The FL 4th DCA Closes a Loophole Exploited By Foreclosure Mills

 

The Florida 4th District Court of Appeals has handed down a ruling that would end the practice of foreclosure mill attorneys introducing into evidence original copies of undated mortgage notes endorsed in blank after the foreclosure lawsuit is filed.

Foreclosure mills in Florida are infamous for filing foreclosure actions against homeowners without being in possession of the note while claiming it in the complaint. Then days before trial presenting it the homeowner’s attorney as if it was readily available the whole time.

Well the Florida courts having enough of it and re-affirmed that the foreclosing parties must have proof they are mortgagee and the note holder before filing the foreclosure complaint.

“The party seeking foreclosure must present evidence that it owns and holds the note and mortgage in question in order to proceed with a foreclosure action.” Lizio v. McCullom, 36 So. 3d 927, 929 (Fla. 4th DCA 2010). The plaintiff must prove that it had standing to foreclose at the time the lawsuit was filed. McLean v. JP Morgan Chase Bank Nat’l Ass’n.

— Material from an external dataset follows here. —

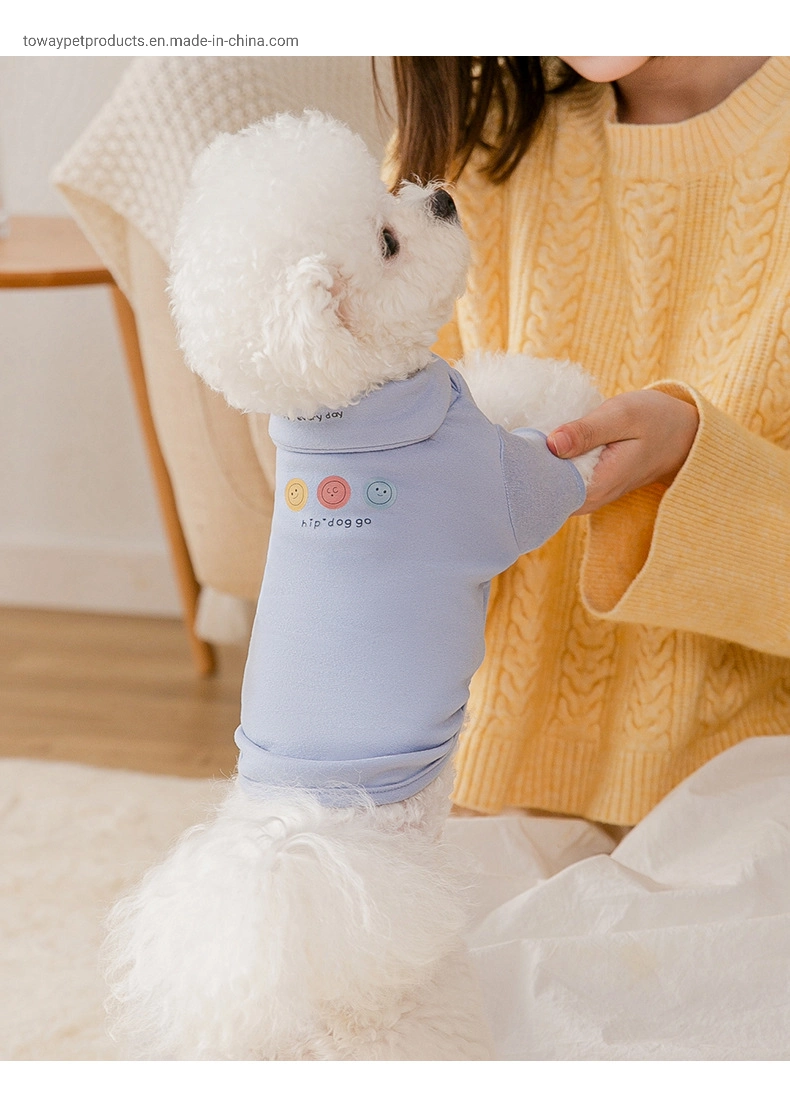 Classic Dog Plain Clothes Pup Apparel Printing Pet Polo Shirt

Where the plaintiff files the original note after filing suit, an undated blank endorsement on the note is insufficient to prove standing at the time the initial complaint was filed. Bristol v. Wells Fargo Bank, Nat’l Ass’n, 137 So. 3d 1130, 1132 (Fla. 4th DCA 2014). Moreover, an assignment of mortgage, even if executed before the foreclosure action commenced, is insufficient to prove standing where the assignment reflects transfer of only the mortgage, not the note. Id. at 1133. The mortgage follows the assignment of the promissory note, but an assignment of the mortgage without an assignment of the debt creates no right in the assignee. Id.

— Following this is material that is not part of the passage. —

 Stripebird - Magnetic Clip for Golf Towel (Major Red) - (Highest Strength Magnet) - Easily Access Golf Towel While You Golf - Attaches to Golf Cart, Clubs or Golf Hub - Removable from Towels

Here, the plaintiff’s documents failed to demonstrate that the plaintiff had standing to foreclose at the time it originally filed suit. The undated blank endorsement on the original note, which was filed over a month after the plaintiff initially brought suit, was insufficient to prove that the plaintiff had standing to enforce the note at the inception of the lawsuit.

Likewise, the “Assignment of Mortgage” from DLJ Mortgage Capital to the plaintiff reflected a transfer of only the mortgage, not the note. Because there was no proof that the plaintiff was entitled to enforce the note when it filed the initial complaint, the Assignment of Mortgage to the plaintiff was insufficient to establish the plaintiff’s standing at the inception of the case. Thus, a genuine issue of material fact still exists as to when the plaintiff took possession of the note.